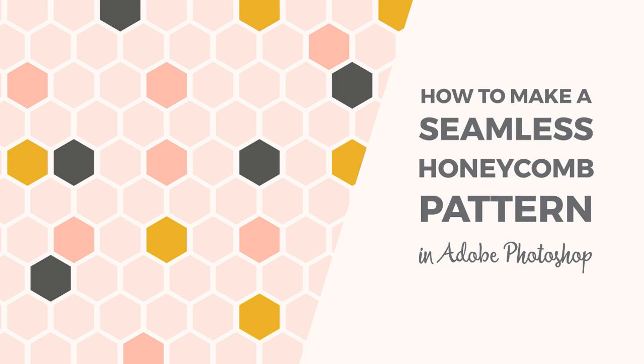Hello, I'm Cristina from Elan Creative Co. Welcome to another Photoshop tutorial. In this video I will show you how to create a seamless honeycomb pattern.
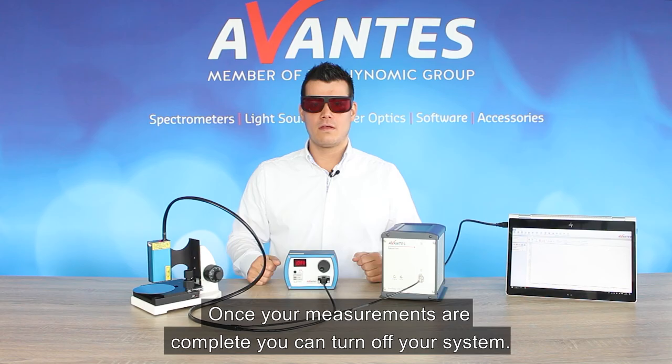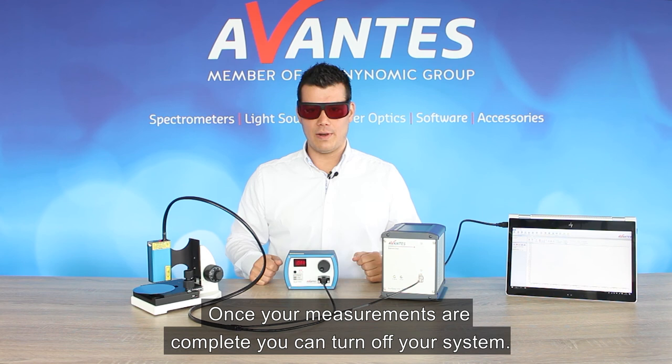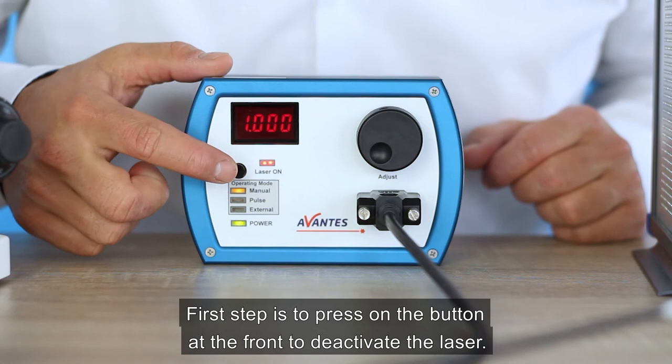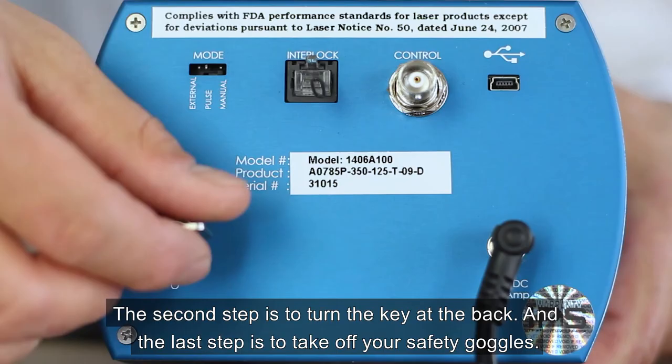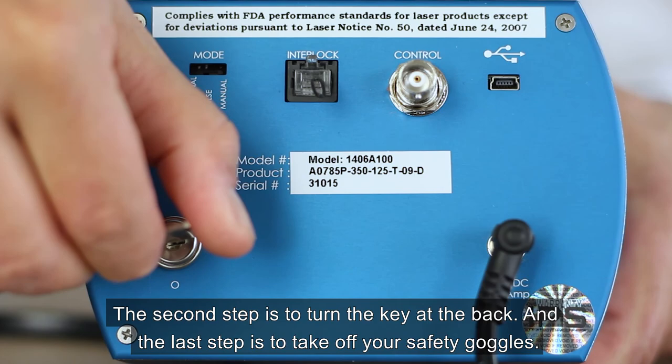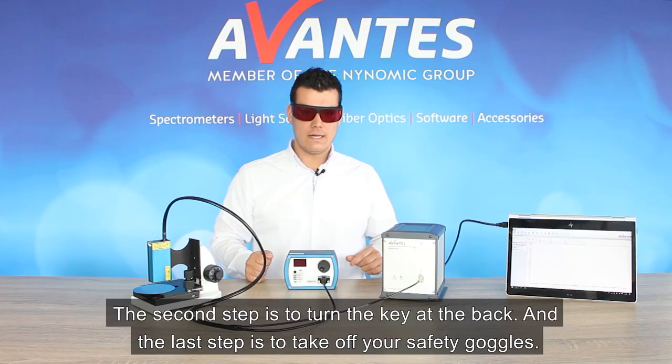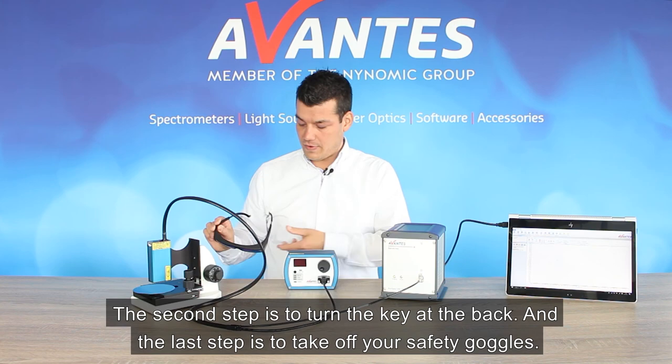Once your measurements are complete, you can turn off your system. The first step is to put on the button on the front to deactivate the laser. The second step is to turn the key at the back. And the last step is to take off your safety goggles.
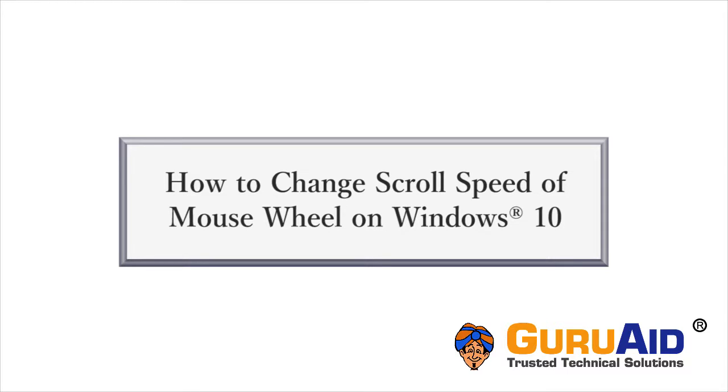In Windows 10, you can customize your mouse controls. Let's see how to change scroll speed of mouse wheel on Windows 10.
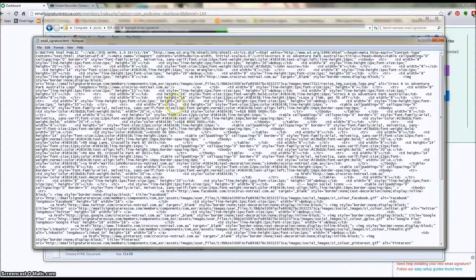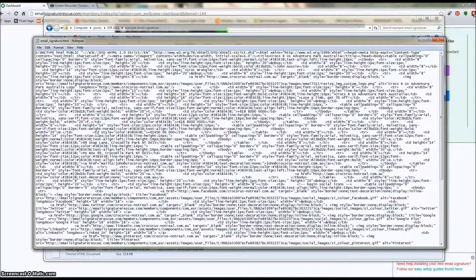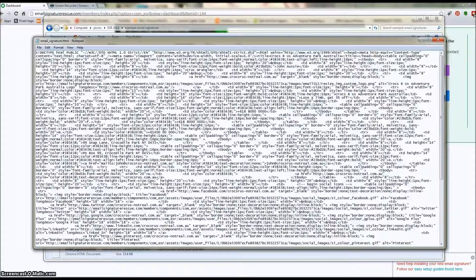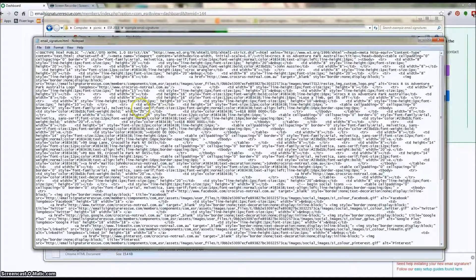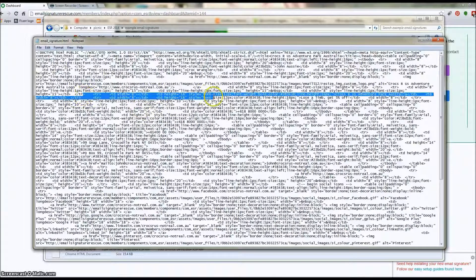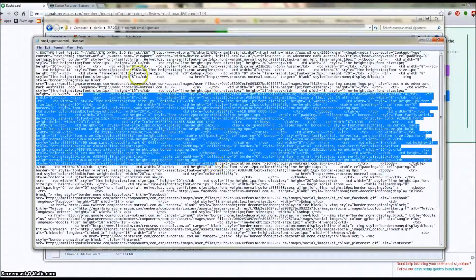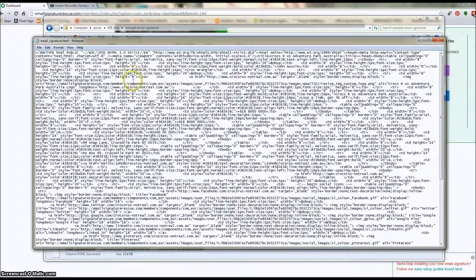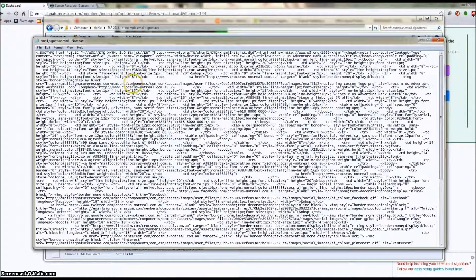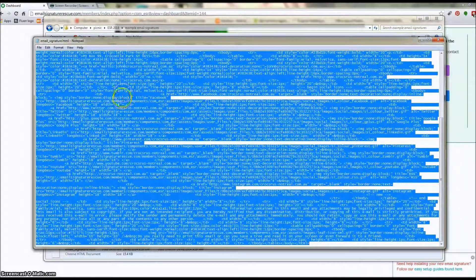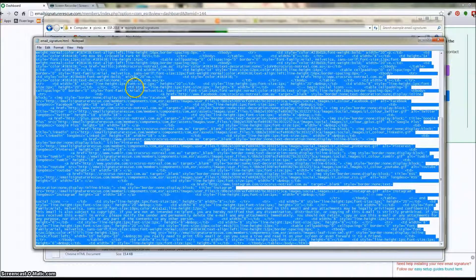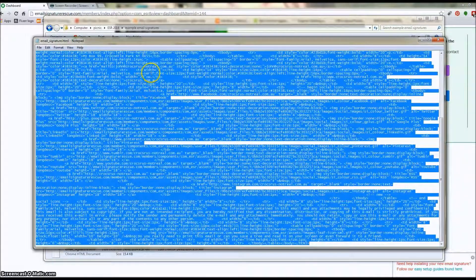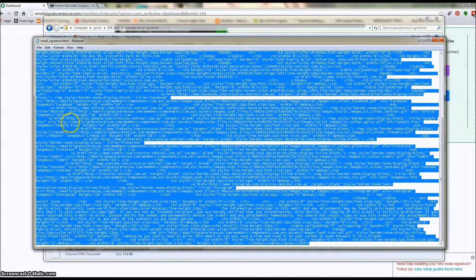Now we're going to go ahead and select all the code here. We're not going to use our mouse to select it like that. We're actually going to use the Control A button to select all of that text so that we don't miss out any of the vital code that we need. If you're on a Mac, it's Command A to grab all of that.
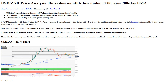22 minutes ago. By Anil Panchal. USDZAR extends the previous day's losses to test the lowest since June 11. A 50% Fibonacci retracement questions immediate downside ahead of the key EMA. A three-week-old falling trend line guards nearby rise. USDZAR drops to 16.66 during Wednesday's Asian session.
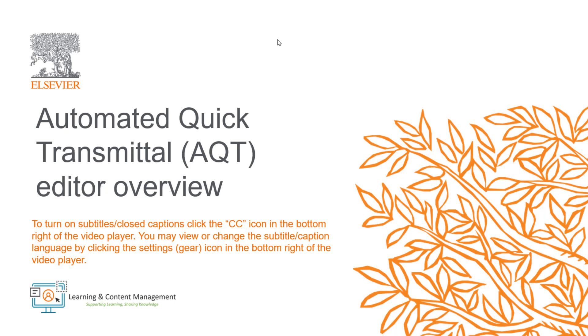In this video, I will provide an overview of the Automated Quick Transmittal and how it is used in journals from the editor's perspective in Editorial Manager.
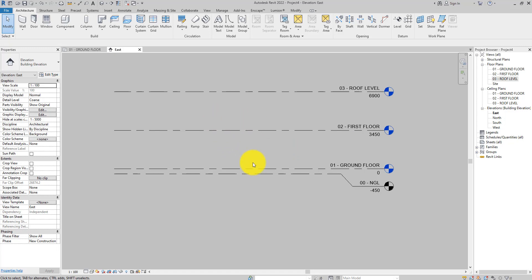This is why you notice that I named the levels in numerical order to keep the levels organized in the project browser.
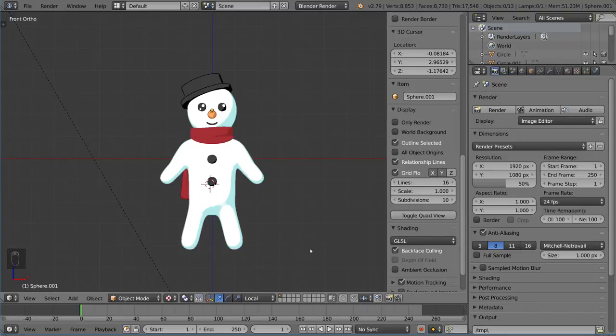Hello everyone and welcome to the character rigging tutorial for Blender. This is going to be a very exciting tutorial for a lot of you because character rigging is probably one of the most popular types of rigging out there, and obviously the one that a lot of people are interested in because they want to get their characters to move.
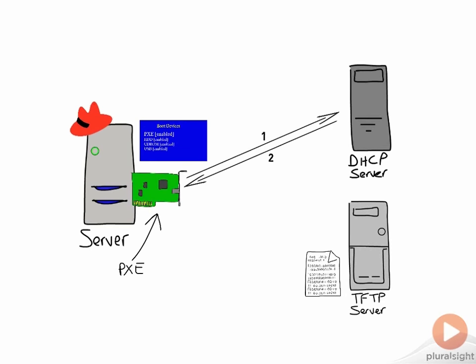This information from the DHCP server comes back just the same as, and along with, the standard IP configuration data that hosts normally get from a DHCP server when they power up. Our server over here then goes and contacts the TFTP server and requests the boot image, that Pixie Linux.0 network boot program. This is then downloaded into memory and executed.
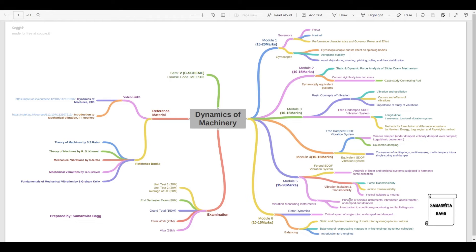The last topic in module five is vibration measuring instruments. You will study the principles of seismic instruments, vibrometer, accelerometer — both damped and undamped types — and an introduction to condition monitoring and fault diagnosis. You may expect a 5 mark theory question or a 10 mark numerical on how these instruments work. Module five has a higher weightage, approximately 15 to 20 marks.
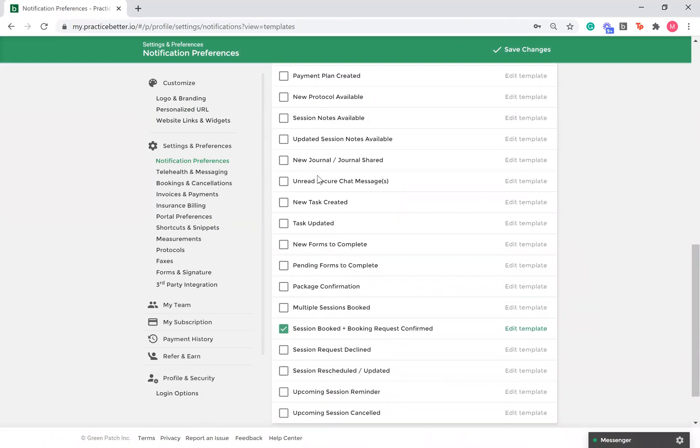You can edit the basic template by selecting the box beside the template. If the box is unchecked, your clients will still receive the email notification, but it will be the generic default.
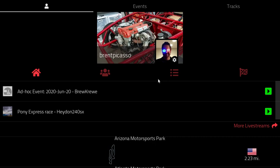Hello, Brent here with Awkward Labs, with a quick demo of the Podium app. In this video we will showcase one of our favorite log files — the sample log file we use for Sonoma Raceway.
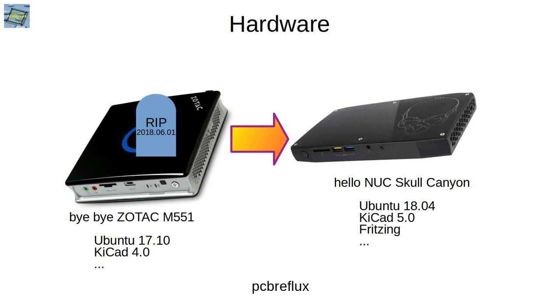Hi, today I want to say goodbye to an old friend, my Zotac M551, my old bare bone, that died on the 1st of June 2018. So goodbye.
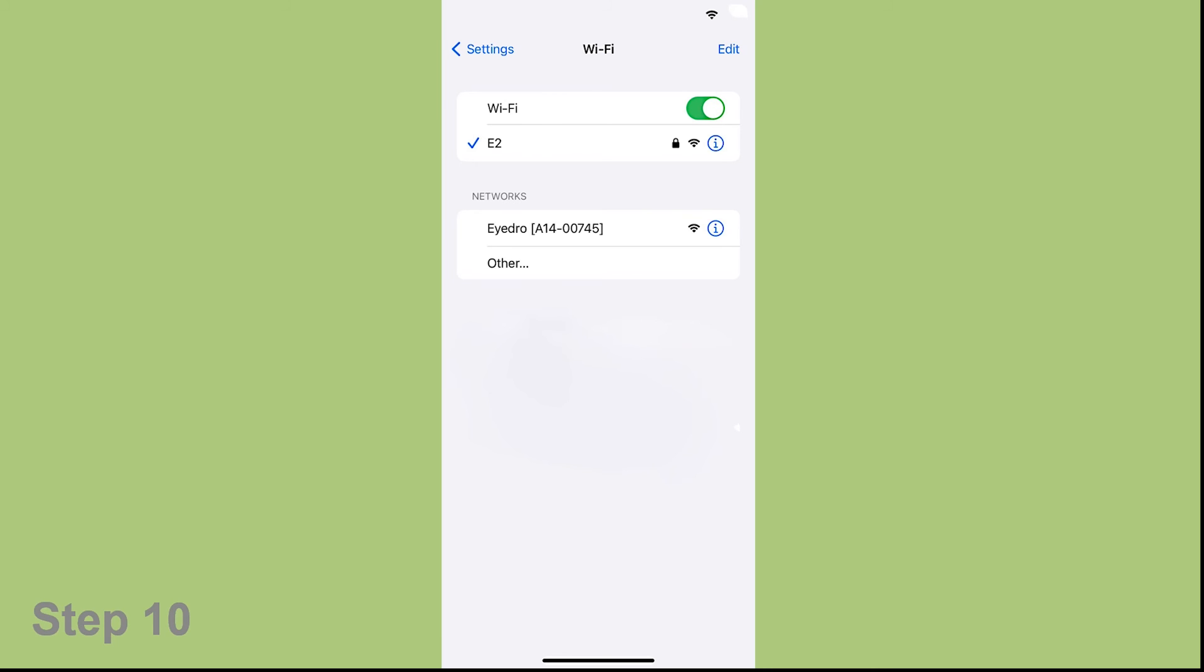Look closely on the front of the meter just to the right of the logo. If you see the green LED, then proceed to claim your device at my.eyedro.com.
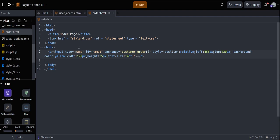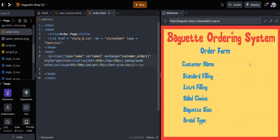Next we put in the drop-down box. The text box is for the customer name, then we need drop-downs for standard filling and extra filling. We're using a drop-down to restrict the user from typing anything that isn't available — they've already seen the menu screens, so they know what fillings, salad options, and bread types are available. This restricts them to only selecting what the shop offers.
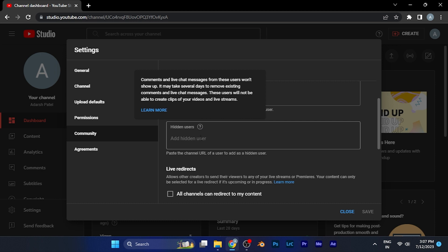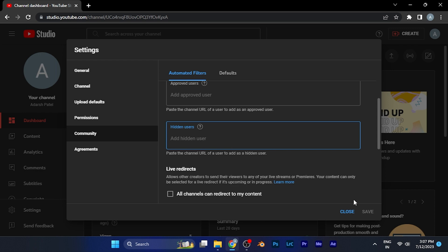You just simply add that user's channel URL, or you can add the username here as well, in order to hide that particular person on your channel. By this method, you can easily hide anyone from your YouTube channel comment section or anywhere else.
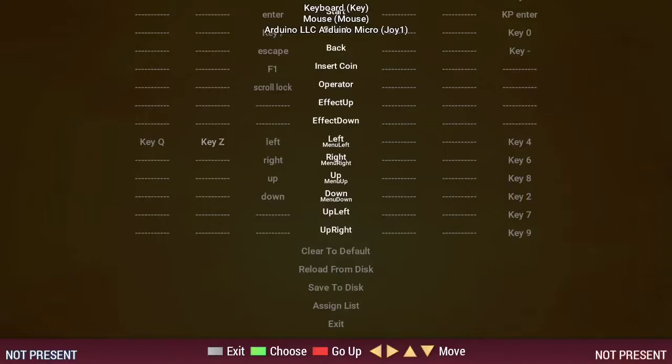And by scrolling all the way to the right side of the screen, you can set the mappings for player 2.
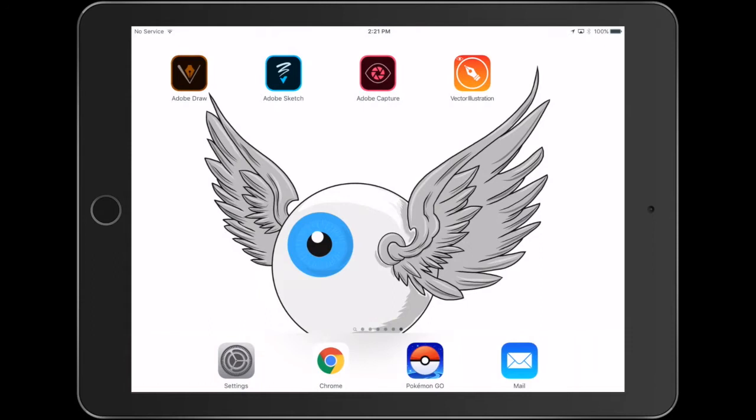Hi guys, welcome back, Stomp here. Today's video is based on drawing — how to draw a rose — and we'll be doing it in the Adobe Illustrator Draw app. Let's get started.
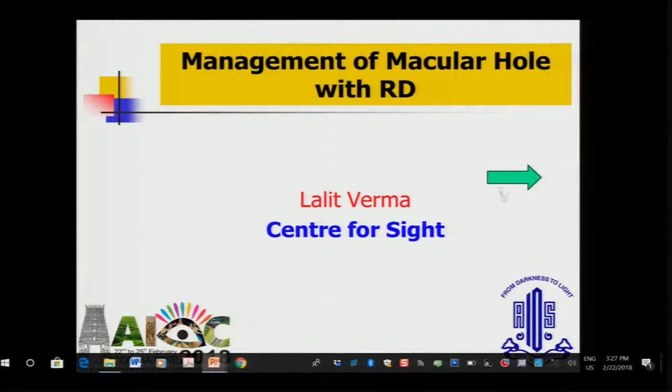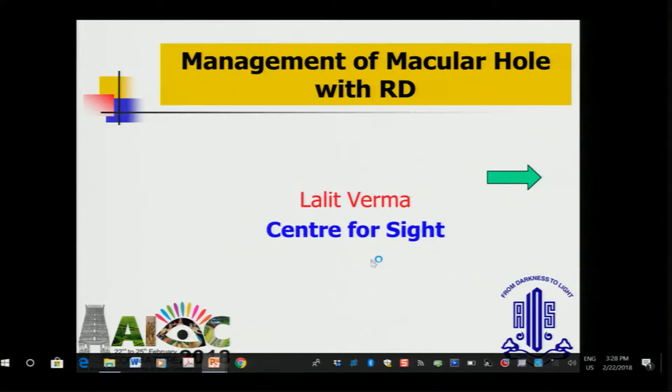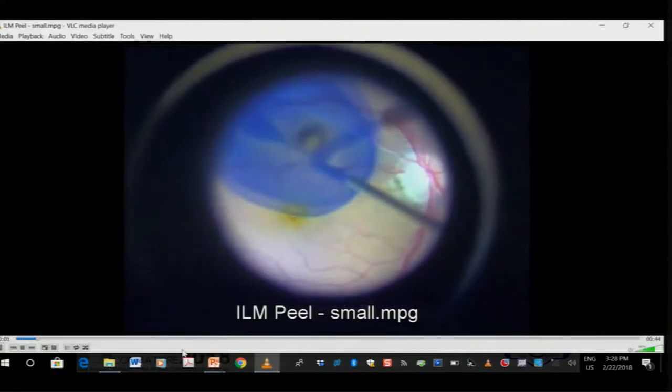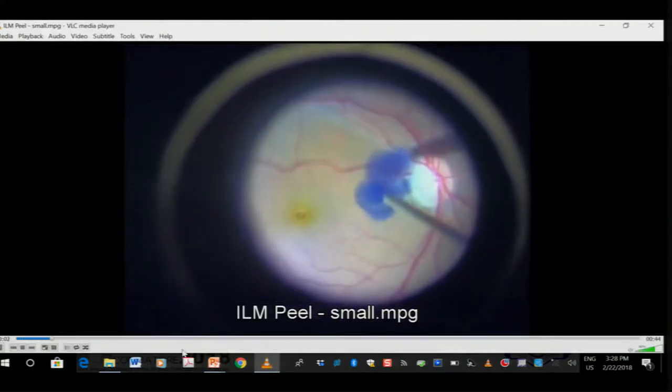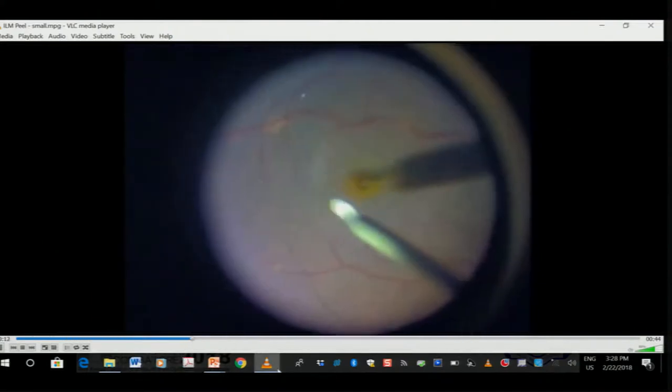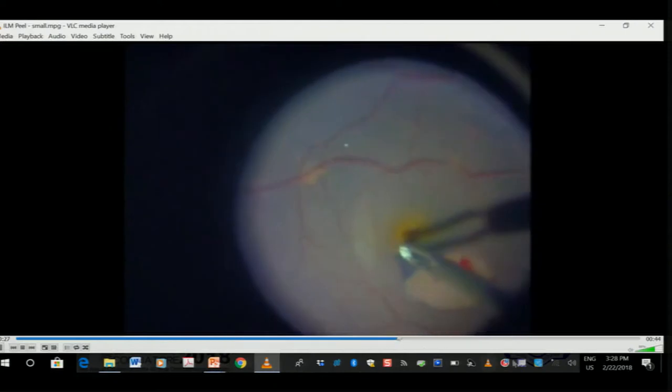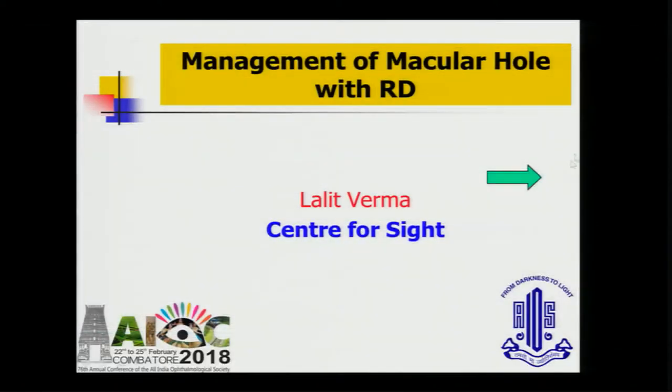But once you have a combined situation, that becomes slightly tricky, still manageable. This is the usual macular hole surgery which all of us do. Stain nicely like Atul had shown in very nice videos, then get an edge of ILM, peel and put SF6 or some air also.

★ ★ ★ ★

## PROBLEM:
Would you please reproduce verbatim the run of lines that opens the listing and ends with the line holding "Hello everyone and", and only that run, leaving every picture out?

## RESPONSE TO THE TASK:
Hello, I'm Cristina from Elan Creative Co. Welcome to another Photoshop tutorial. In this video I will show you how to create a seamless honeycomb pattern.
Once your measurements are complete, you can turn off your system. The first step is to put on the button on the front to deactivate the laser. The second step is to turn the key at the back. And the last step is to take off your safety goggles.
In Windows 10, you can customize your mouse controls. Let's see how to change scroll speed of mouse wheel on Windows 10.
Now we're going to go ahead and select all the code here. We're not going to use our mouse to select it like that. We're actually going to use the Control A button to select all of that text so that we don't miss out any of the vital code that we need. If you're on a Mac, it's Command A to grab all of that.
22 minutes ago. By Anil Panchal. USDZAR extends the previous day's losses to test the lowest since June 11. A 50% Fibonacci retracement questions immediate downside ahead of the key EMA. A three-week-old falling trend line guards nearby rise. USDZAR drops to 16.66 during Wednesday's Asian session.
In this video, I will provide an overview of the Automated Quick Transmittal and how it is used in journals from the editor's perspective in Editorial Manager.
This is why you notice that I named the levels in numerical order to keep the levels organized in the project browser.
Hello everyone and welcome to the character rigging tutorial for Blender. This is going to be a very exciting tutorial for a lot of you because character rigging is probably one of the most popular types of rigging out there, and obviously the one that a lot of people are interested in because they want to get their characters to move.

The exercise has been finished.